The ego unravels from here. We get a glimpse of the ego system. And it doesn't like to be seen. (I think it's embarrassed at what a selfish jerk it is.) So the more you see it, the more it shrinks. The question is now: Who's doing the seeing? Who is watching the ego system? You have finally found yourself. It's a relief to know that we are not our childish ego.

It's truly astounding how much of our life, how much of each day is reliving yesterday. When you take the concept beyond just sensation you see how our relationships are so repetitive,
our lives have been dulled. We have no new experiences because by using past interpretations automatically, we're asleep at the wheel. And our relationships, jobs, level of success, level of consciousness never change because we continually rely on the ego's past interpretation of every circumstance. The ego, which does not exist in the present, likes it that way.
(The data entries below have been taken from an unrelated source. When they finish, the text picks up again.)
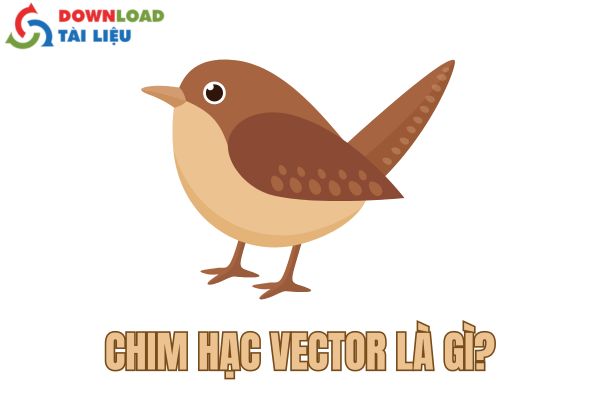 Chim vector là gì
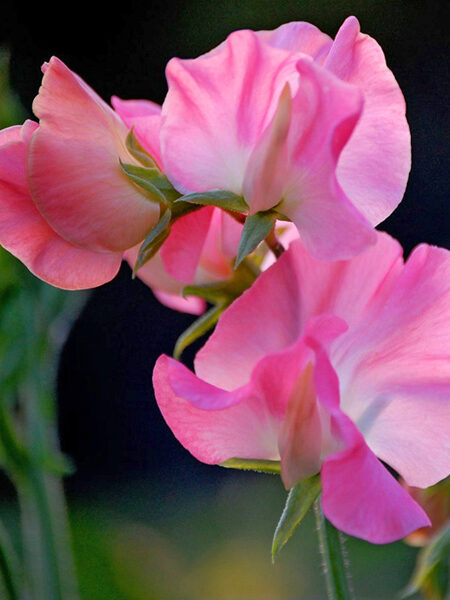 Sweet Pea Mammoth-Deep-Rose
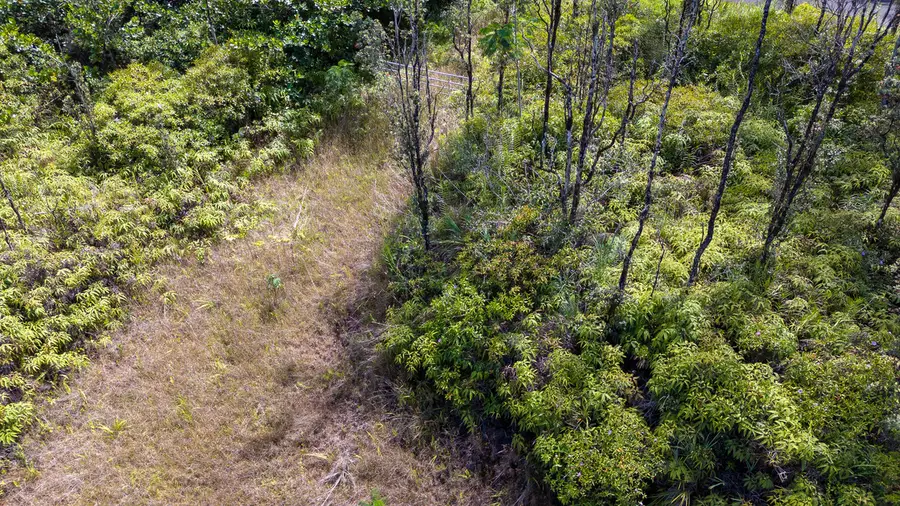 15-1899 31st Ave, Keaau, HI 96749 - #3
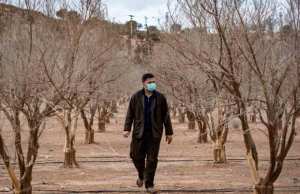 Algérie (Sidi-Bel-Abbès) - Les agriculteurs face à une sécheresse persistante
By keeping us dulled by past interpretations, it casts its shadow over the present and extends itself into the future. (see ACIM)

As our ego shrinks, we sense another kind of awareness. For some it's in our heart. Maybe in your gut. The Course in Miracles calls it the Holy Spirit, our Internal Teacher. You could say that you have a lie detector in your heart. A bullshit meter inside you. But the problem is we've protected it in a steel box and we forgot about it. Or maybe we're afraid of it. Or maybe we're afraid of losing our identity, our selfish ego? Anyway, what's in the box is so tranquil and the ego is so very loud and persistent it takes a commitment to hear what's in there.

Sometimes when we're quiet we get a strong sense of It. An intuition. As we practice presence, mindful meditation, yoga, in and out of a class, we become more and more aware of It. Deepak Chopra describes It as contextual. It knows the context of you in the whole universe. The Course says that It sees the world with the eyes of love, showing and teaching only happiness, joy. Compare that Teacher to the ego who teaches pain, and shows fearful, afraid, selfish, petty view. So let's see- fear, pain, anger, attack...or happiness and joy?



*It happens as soon as we "name" it. Think of a name as a link to a whole "website" of prior associations. So we name strong sensation as "pain," without even realizing it all these prior associations rush forward. We automatically use these default settings to interpret everything we sense using various names to bring forward their "websites" of associations. We're actually never experiencing anything as it is now.